Back in the 1980s, I have used a handlebar bag that was attached to the handlebars with a rigid steel wire. It was a pain to install, it wasn’t the most stable contraption, but I really enjoyed the fact it was sitting below my handlebar. Twenty years later, the bag is way beyond its prime, so I replace it with a large Arkel handlebar bag. Great bag, very stable; it has all that I want... except it sits way too high above the handlebars.
It would be great it I could only find a way to install the handlebar bag lower than it is...
It was very easy to do on the tandem, as it is equipped with a threadless headset (1 1/8" dia.), like most bicycles produced since the turn of the century. Since I had about 60 mm of spacers, it was fairly easy to replace some of them by a second headset. So here is how I install the handlebar bag.
The tandem has a threadless headset, so it is fairly easy to play with stems and spacers.
In its “city” configuration, one finds, from bottom to top,
a 90-mm 5° stem pointing down, then two 10-mm spacers,
then a 90-mm 45° stem pointing up.
Note that the lower stem has replaced 40 mm of spacers.
2. When I want to use the handlebar bag, I remove the faceplace of the lower stem, then install a short section of aluminium tubing (100 mm x 25 mm dia.) onto which I have already attached the two brackets that hold the handlebar bag.
The supplied brackets tended to rotate easily with potholes, so I epoxied them in place.
Adapting that solution to my touring bike was a bit more challenging, as it uses a threaded headset. My handlebars are level with the saddle, and the saddle is rather high... which means I have a long, straight section of stem exposed.

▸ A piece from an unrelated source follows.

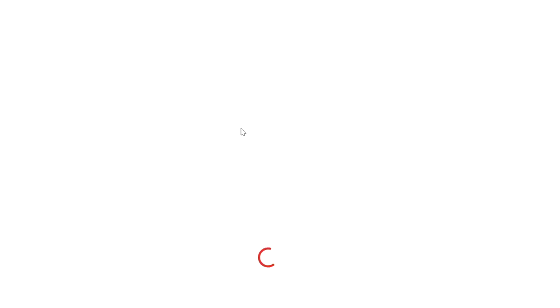You also need to confirm that as a tax resident of the identified country, you meet the treaty requirements, don't have a permanent establishment in the US, and don't perform independent personal services in the US from a fixed base. Check that box and click 'Next.' The form will generate your tax document. I'm not going to actually submit it right now — I want my network and accountant to review it first before officially submitting.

1. The main stem is a Zoom adjustable stem, with about 100 mm of straight section exposed (and there still is about 70 mm inside). This means I have roughly 60 mm of straight 0.75" vertical tubing onto which I could install a second stem.
There is a catch, alas. Threadless stems seem to be available for 1" and 1 1/8" steerers, and threadless stems for 1" steerers are an endangered species around here. Especially in silver.
2. So I finally installed a 90-mm stem with 35° rise (pointing down).
A close examination of the set up shows there are two inserts: one that goes from 0.75" to 1", and a second one that goes from 1" to 1 1/8".